> [YOUR INSTRUCTIONS]: When you reach the line that holds "ROCKS FROM A", start copying exactly and keep going through the final line of the data, leaving out pictures.

-*-*-

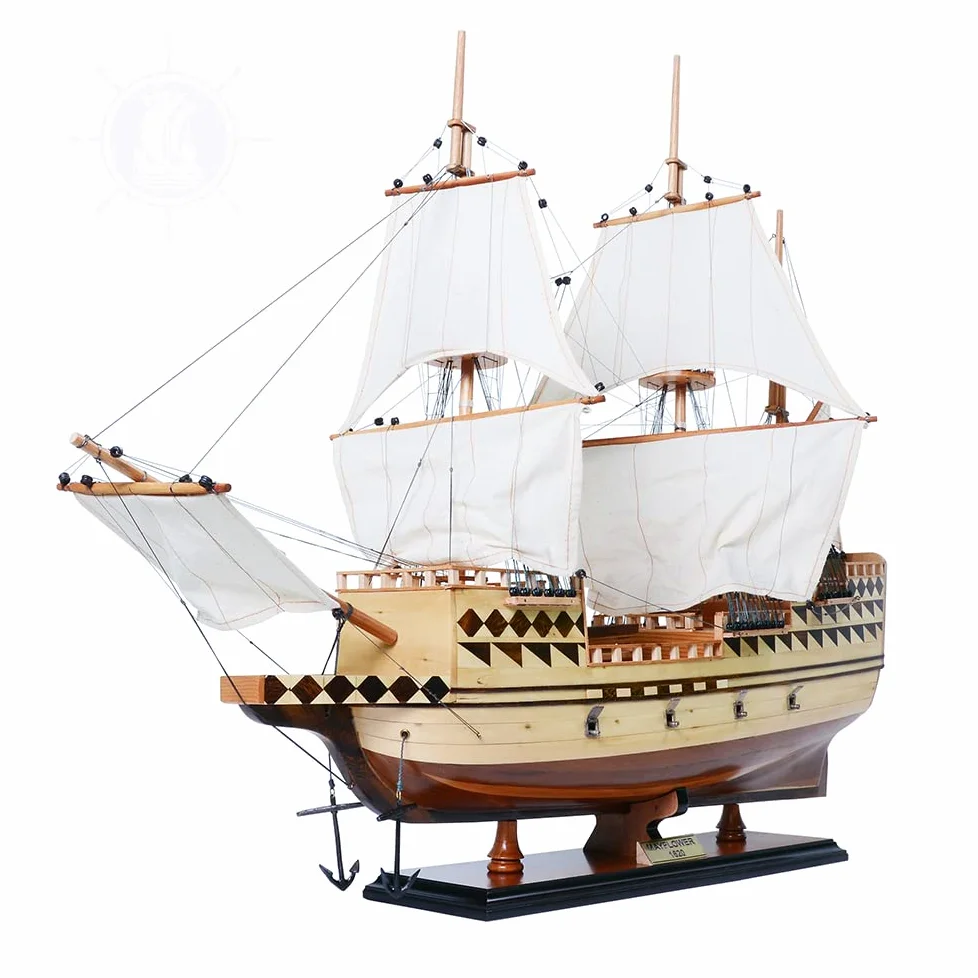 Old Modern Handicrafts Modello di Nave Mayflower Completamente Assemblato - Modello di Nave di Qualità Museale - 31,0L x 8,5P x 25,0A Pollici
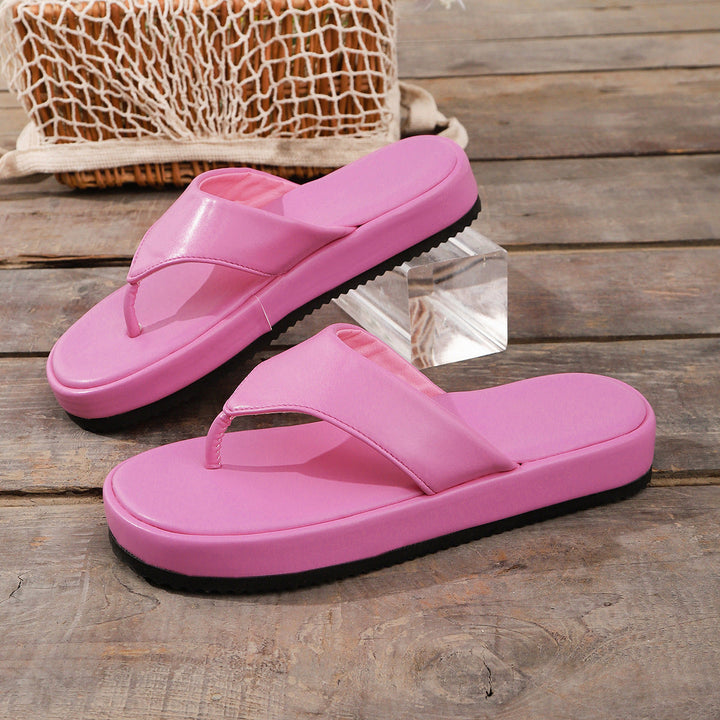 Damen Komfortable Zehensandalen mit ergonomischem Fußbett und rutschfester Sohle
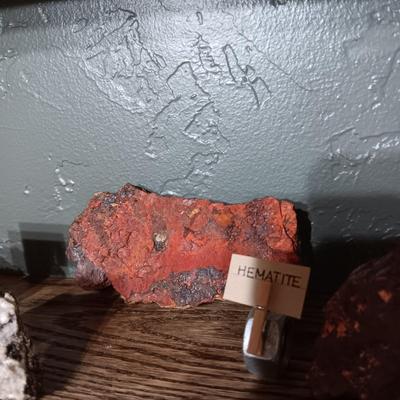 ROCKS FROM A COLLECTION LABELED HEMATITE & CHALCEDONY QUARTZ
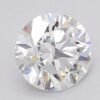 1.09 Carat Round Shaped Excellent Cut F- VS1 Lab Grown Diamond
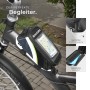 Tectake Fahrradtaschen Set: Rahmentasche mit Handyfach und Gepäckträgertasche am Fahrrad.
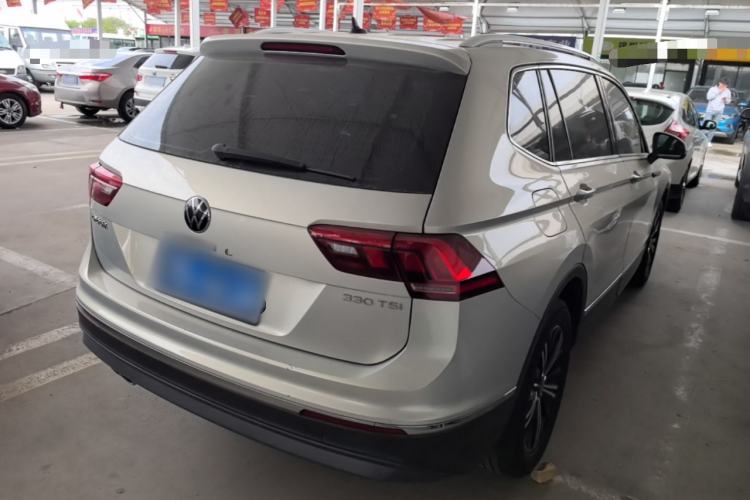 Used Volkswagen Tiguan L 2021 330TSI Automatic Two-Wheel Drive Smart Edition Rear Right 45 Deg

-*-*-

> [OUTPUT FOR THIS EXERCISE]:
 ROCKS FROM A COLLECTION LABELED HEMATITE & CHALCEDONY QUARTZ
 1.09 Carat Round Shaped Excellent Cut F- VS1 Lab Grown Diamond
 Tectake Fahrradtaschen Set: Rahmentasche mit Handyfach und Gepäckträgertasche am Fahrrad.
 Used Volkswagen Tiguan L 2021 330TSI Automatic Two-Wheel Drive Smart Edition Rear Right 45 Deg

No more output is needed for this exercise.